UAE Introduces Strict Online Safety Law for Children

In a landmark move to protect minors in the digital age, the United Arab Emirates has enacted the Child Digital Safety (CDS) Law, one of the most comprehensive online child-protection frameworks in the Middle East. Effective from January 2026, the law fundamentally reshapes how children access the internet—and, for the first time in the region, places legal responsibility on parents alongside technology companies.
This is not a symbolic policy.

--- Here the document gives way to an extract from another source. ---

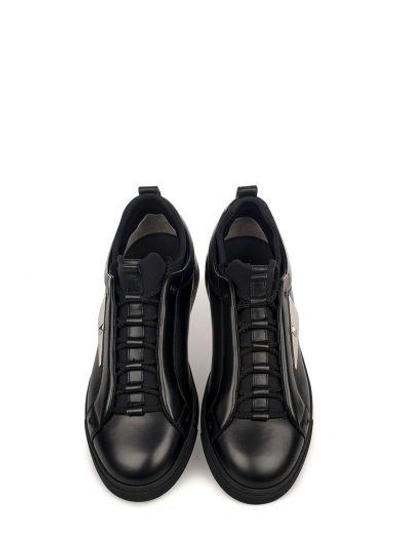 Shop Fendi Black Bag Bugs Slip On Leather Sneakers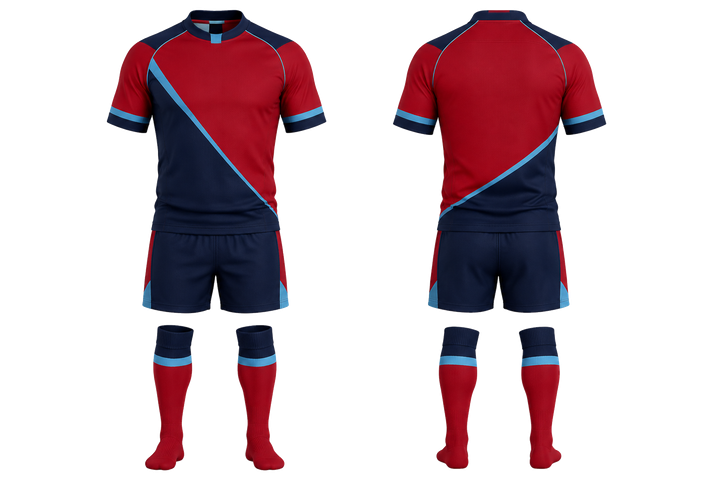 Deep Red Split Sash Geometry Rugby Contact Match Kit Rugby teamwear design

It introduces clear duties, strict data rules, and heavy penalties designed to create a safer online environment for children under 18, with special protection for those under 13.
1. Who Is Responsible Under the New Law?
The CDS Law clearly defines three accountable stakeholders, ending years of ambiguity around “who is responsible” for a child’s online safety.
A. Digital Platforms (Primary Responsibility)
Any digital service accessible in the UAE—social media, gaming, streaming, or e-commerce—must now:
- Implement robust age-verification systems
- Enable high-privacy settings by default for minors
- Restrict or fully disable targeted advertising to children
- Prevent algorithmic content amplification that could expose minors to harm
This applies to both global platforms and local apps, regardless of where the company is headquartered.
B. Internet Service Providers (ISPs)
Licensed ISPs such as e& and du now have statutory obligations to:
- Offer network-level content filtering
- Provide easy, user-friendly parental control dashboards
- Allow parents to manage:
- Screen time
- App categories
- Website access
Importantly, these tools must be available by default, not hidden behind optional paid add-ons.
C. Parents & Caregivers (A Regional First)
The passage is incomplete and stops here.